When you reach the line containing "Искусственные пестрые листья", stop after it; until then, copy each line of the listing exactly, starting with the first.

== Stored data

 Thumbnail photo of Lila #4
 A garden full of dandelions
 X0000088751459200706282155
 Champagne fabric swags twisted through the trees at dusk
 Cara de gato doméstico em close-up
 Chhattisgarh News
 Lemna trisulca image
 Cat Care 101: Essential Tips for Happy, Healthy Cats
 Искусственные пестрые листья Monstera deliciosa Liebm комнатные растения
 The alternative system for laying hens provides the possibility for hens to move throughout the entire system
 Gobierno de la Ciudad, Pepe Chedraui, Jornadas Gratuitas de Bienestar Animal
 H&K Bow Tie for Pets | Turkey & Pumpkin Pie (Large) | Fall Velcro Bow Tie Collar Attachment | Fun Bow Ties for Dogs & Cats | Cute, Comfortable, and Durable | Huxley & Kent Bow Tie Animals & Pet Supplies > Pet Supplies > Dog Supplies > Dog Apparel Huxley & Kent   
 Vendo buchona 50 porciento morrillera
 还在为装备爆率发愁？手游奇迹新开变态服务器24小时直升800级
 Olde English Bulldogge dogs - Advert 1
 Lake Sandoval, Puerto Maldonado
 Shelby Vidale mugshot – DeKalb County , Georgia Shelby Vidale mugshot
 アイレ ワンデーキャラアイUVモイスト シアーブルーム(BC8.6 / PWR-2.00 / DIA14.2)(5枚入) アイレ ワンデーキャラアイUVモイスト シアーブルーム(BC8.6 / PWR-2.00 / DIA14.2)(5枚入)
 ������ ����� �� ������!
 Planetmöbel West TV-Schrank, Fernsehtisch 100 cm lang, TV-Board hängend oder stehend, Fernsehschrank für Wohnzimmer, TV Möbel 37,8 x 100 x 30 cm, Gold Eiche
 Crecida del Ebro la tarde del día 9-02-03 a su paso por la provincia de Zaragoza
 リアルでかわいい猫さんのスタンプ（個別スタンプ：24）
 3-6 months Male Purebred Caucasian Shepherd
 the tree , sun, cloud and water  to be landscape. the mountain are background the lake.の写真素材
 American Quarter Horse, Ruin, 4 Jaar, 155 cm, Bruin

====

Exercise answer:
 Thumbnail photo of Lila #4
 A garden full of dandelions
 X0000088751459200706282155
 Champagne fabric swags twisted through the trees at dusk
 Cara de gato doméstico em close-up
 Chhattisgarh News
 Lemna trisulca image
 Cat Care 101: Essential Tips for Happy, Healthy Cats
 Искусственные пестрые листья Monstera deliciosa Liebm комнатные растения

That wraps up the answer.